9. **playlist**: This table stores a list of playlists created in Chinook store.
10. **playlist_track**: This table provides information of which tracks are added to each playlist.
11. **track**: This table contains information of each track available in Chinook store.

The database schema is provided in the below picture.

![chinook_schema](pics\schema.png)

## 1
## Which albums should Chinook add to the store?

**Scenario**

>The Chinook record store has just signed a deal with a new record label, and you've been tasked with selecting the first three albums that will be added to the store, from a list of four. All four albums are by artists that don't have any tracks in the store right now - we have the artist names, and the genre of music they produce:

>| Artist name | Genre |
|-------------|-------|
| Regal | Hip-Hop |
| Red Tone | Punk |
| Meteor and the Girls | Pop |
| Slim Jim Bites | Blues |

>The record label specializes in artists from the USA, and they have given Chinook some money to advertise the new albums in the USA.

**Question**

Which artist should Chinook select to add to the store? 

In [3]:
%%sql

WITH invoice_genre_usa AS (SELECT c.country,
                                  il.track_id,
                                  t.name track_name,
                                  g.name genre
                             FROM customer c
                                  INNER JOIN invoice i ON c.customer_id = i.customer_id
                                  INNER JOIN invoice_line il ON i.invoice_id = il.invoice_id
                                  INNER JOIN track t ON il.track_id = t.track_id
                                  INNER JOIN genre g ON t.genre_id = g.genre_id 
                                  WHERE country == 'USA')

SELECT genre,
       COUNT(track_name) num_tracks_sold,
       ROUND(CAST(COUNT(track_name) AS FLOAT) / (SELECT COUNT(track_name)
                                                   FROM invoice_genre_usa), 2) pct_tracks_sold
  FROM invoice_genre_usa igu
 GROUP BY genre
 ORDER BY num_tracks_sold DESC
 LIMIT 10;

 * sqlite:///chinook.db
Done.


genre,num_tracks_sold,pct_tracks_sold
Rock,561,0.53
Alternative & Punk,130,0.12
Metal,124,0.12
R&B/Soul,53,0.05
Blues,36,0.03
Alternative,35,0.03
Pop,22,0.02
Latin,22,0.02
Hip Hop/Rap,20,0.02
Jazz,14,0.01


**Conclusion**

Chinook should select albums of *Red Tone*, *Slim Jim Bites*, and *Meteor and the Girls* to add to the stores.

**Analysis**

When we rank the genre of the four new artists by percentage of tracks sold, punk music comes first, followed by blues, pop, and hip-hop. Chinook should pick the top 3 genres that are sold the most.

**Recommendation**

The percentage of the three selected genres combined only account for 17% of all tracks sold in USA. Chinook might consider focusing more on finding new rock artist(s) to add to the stores.

## 2
## Which genre is the most popular in Chinook?

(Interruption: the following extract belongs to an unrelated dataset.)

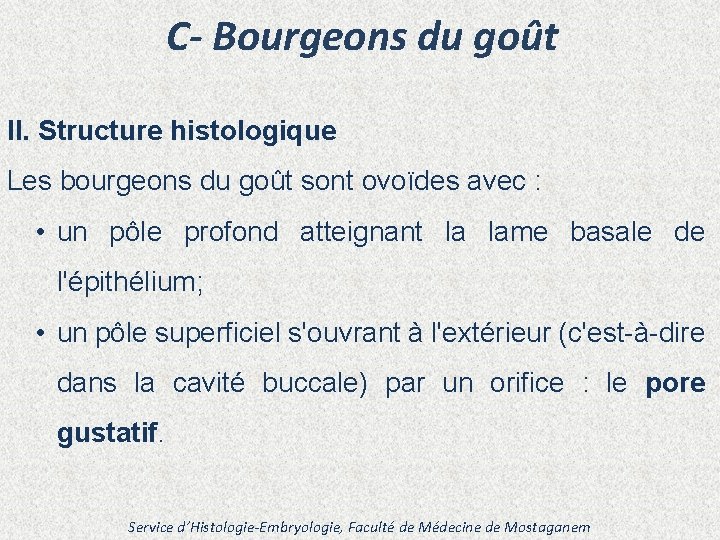 C- Bourgeons du goût II. Structure histologique Les bourgeons du goût sont ovoïdes avec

Now that we already take a look at USA market, we will take one step back to see the popularity of each genre for the whole Chinook store.

In [4]:
%%sql

WITH invoice_genre AS (SELECT c.country,
                              il.track_id,
                              t.name track_name,
                              g.name genre
                         FROM customer c
                              INNER JOIN invoice i ON c.customer_id = i.customer_id
                              INNER JOIN invoice_line il ON i.invoice_id = il.invoice_id
                              INNER JOIN track t ON il.track_id = t.track_id
                              INNER JOIN genre g ON t.genre_id = g.genre_id)

SELECT genre,
       COUNT(track_name) num_tracks_sold,
       ROUND(CAST(COUNT(track_name) AS FLOAT) / (SELECT COUNT(track_name)
                                                   FROM invoice_genre), 2) pct_tracks_sold
  FROM invoice_genre
 GROUP BY genre
 ORDER BY num_tracks_sold DESC
 LIMIT 10;

 * sqlite:///chinook.db
Done.


genre,num_tracks_sold,pct_tracks_sold
Rock,2635,0.55
Metal,619,0.13
Alternative & Punk,492,0.1
Latin,167,0.04
R&B/Soul,159,0.03
Blues,124,0.03
Jazz,121,0.03
Alternative,117,0.02
Easy Listening,74,0.02
Pop,63,0.01


When looking at the whole Chinook store, rock music is still at the top of our leaderboard. However, metal music seems to be slightly more popular than alternative & punk music at global level. Interestingly, pop music (which is short for popular music) ranks at the bottom.

## 3
## Which employee performs the best?

**Scenario**

> Each customer for the Chinook store gets assigned to a sales support agent within the company when they first make a purchase. You have been asked to analyze the purchases of customers belonging to each employee to see if any sales support agent is performing either better or worse than the others.

**Question**

What's the performance of each sales support agent?

In [5]:
%%sql

WITH invoice_by_employee AS (SELECT i.invoice_id,
                                    i.total,
                                    c.country AS customer_country,
                                    c.customer_id,
                                    c.support_rep_id,
                                    e.first_name || " " || e.last_name AS employee_name,
                                    e.hire_date,
                                    e.country AS employee_country
                               FROM invoice i
                                    INNER JOIN customer c ON i.customer_id = c.customer_id
                                    INNER JOIN employee e ON c.support_rep_id = e.employee_id)

SELECT employee_name, 
       ROUND(SUM(total), 2) AS total_sales,
       COUNT(DISTINCT(customer_id)) AS num_customers,
       hire_date
  FROM invoice_by_employee
 GROUP BY employee_name
 ORDER BY total_sales DESC;

 * sqlite:///chinook.db
Done.


employee_name,total_sales,num_customers,hire_date
Jane Peacock,1731.51,21,2017-04-01 00:00:00
Margaret Park,1584.0,20,2017-05-03 00:00:00
Steve Johnson,1393.92,18,2017-10-17 00:00:00


**Conclusion**

Jane Peacock has the best performance by total sales. However, it's worth noting that Jane has been hired the longest among 3 sales support agents. For better analysis, we could find average monthly sales generated by each agent and compare those numbers. 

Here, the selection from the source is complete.